- **Your objective**:
Return all of the data below verbatim and exclude every picture.

Image-text web data:
------------------------------------------------------------
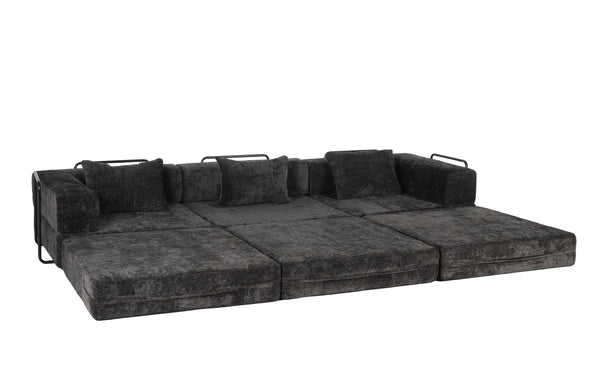 English Elm Compression Convertible Floor Sofa Bed – Versatile Modular Chenille Sofa For Small Spaces & Guests W3723S00015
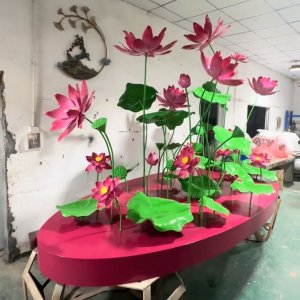 Metal Lotus Flower Sculpture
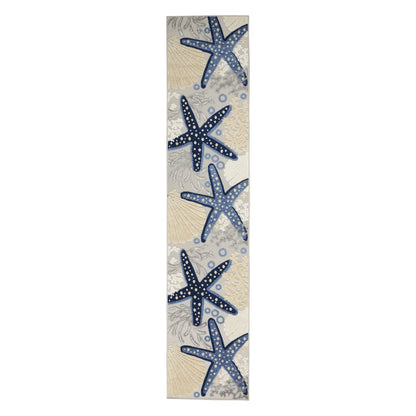 12' Blue And Gray Nautical Indoor Outdoor Runner Rug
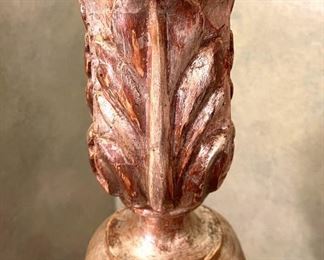 Center of one of a pair of antique silver gilt candelabras that have be electrified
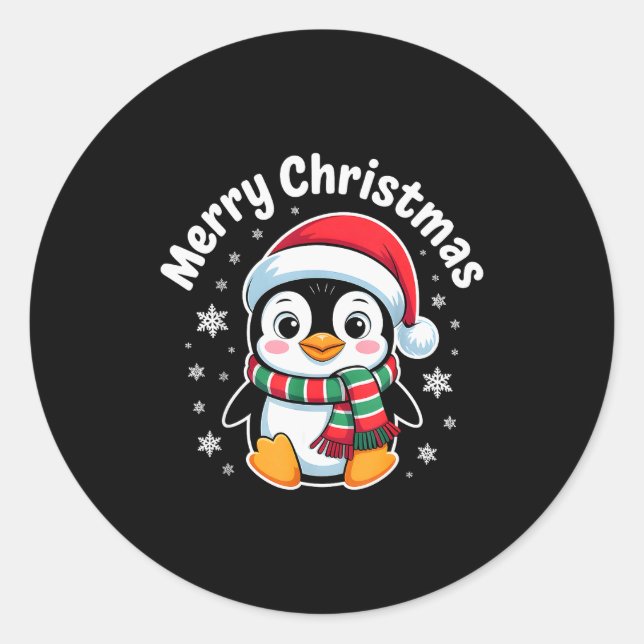 Adesivo Redondo Merry Christmas Penguin Cute Santa Hat Winter Holi (Frente)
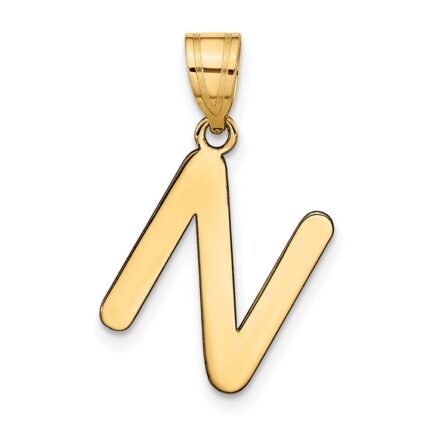 14k Polished Bubble Letter N Initial Pendant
------------------------------------------------------------
- **Exercise answer**:
 English Elm Compression Convertible Floor Sofa Bed – Versatile Modular Chenille Sofa For Small Spaces & Guests W3723S00015
 Metal Lotus Flower Sculpture
 12' Blue And Gray Nautical Indoor Outdoor Runner Rug
 Center of one of a pair of antique silver gilt candelabras that have be electrified
 Adesivo Redondo Merry Christmas Penguin Cute Santa Hat Winter Holi (Frente)
 14k Polished Bubble Letter N Initial Pendant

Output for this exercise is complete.